Stewart v. Illinois Central Railroad, 201 Ill. App. 187 (1916)

April 21, 1916 · Illinois Appellate Court
201 Ill. App. 187

Daniel B. Stewart, Appellee, v. Illinois Central Railroad Company, Appellant.

(Not to be reported in full.)

Appeal from the Circuit Court of McLean county; the Hon. Colostin D. Myers, Judge, presiding. Heard in this court at the April term, 1915.

Affirmed.

Opinion filed April 21, 1916.

Statement of the Case.

Action by Daniel B. Stewart, plaintiff, against Illinois Central Railroad Company, defendant, for damages resulting from a fire alleged to have been caused by sparks escaping from the defendant’s locomotive. From a judgment for plaintiff, defendant appeals.

*188Abstract of the Decision.

1. Railroads, § 919 * —What constitutes prima facie case of negligence in causing fire. In an action for damages resulting from a fire alleged to have been caused by sparks escaping from the defendant’s locomotive, evidence held to justify a finding that the fire was so caused and, under Hurd’s Rev. St. ch. 114, sec. 103 (J. & A. ¶ 8891), to make a prima facie case of negligence justitying the submission of the case to the jury.

2. Trial, § 153*—when case should go to jury. When there is any evidence in the record from which, if it stood alone, the jury *189could, without acting unreasonably in the eye of the law, find that all the material averments in the declaration had been proven, the case should go to the jury.

*188At the request of the plaintiff the court instructed the jury as follows:

“The Court instructs you that you should-not find a verdict for the plaintiff upon speculation, possibilities, or _ mere_ probabilities; the law requires that before plaintiff is entitled to a verdict the evidence must show by a preponderance,

“First: That the fire was in fact caused by a spark or sparks emitted from defendant’s locomotive in question.

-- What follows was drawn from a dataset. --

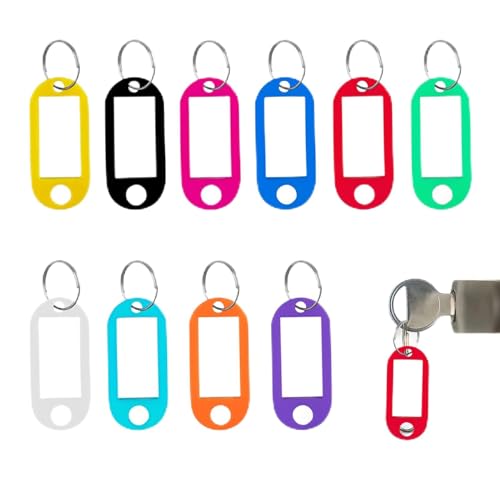 ZoeTekway Lot de 10 porte-clés, inscriptibles, colorés, avec porte-clés, pour valise, pendentif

“Second: That the defendant was negligent either in the equipment, repair, or management of the locomotive, and that such negligence, if any, caused it to emit sparks, and, that the sparks so emitted, started the fire which destroyed the property in question, and

“Unless the plaintiff has proven each of these requirements by the preponderance of the evidence, your verdict should be for the defendant.”

Charles L. Capen and De Mange, Gillespie & De Mange, for appellant; John G. Drennan, of counsel.

Livingston & Bach and Barry & Morrissey, for appellee.

Mr. Justice Graves

delivered the opinion of the court.

*1893. Railroads, § 919 * —when burden of proof on railroad in action for negligence in causing fire. Where the plaintiff, in an action for damages caused by fire resulting from sparks escaping from the defendant’s locomotive, has made out a prima facie case of negligence under Hurd’s Rev. St. ch. 114, sec. 103 (J. & A. ¶ 8891), the burden of proof to overcome such a case is on the defendant.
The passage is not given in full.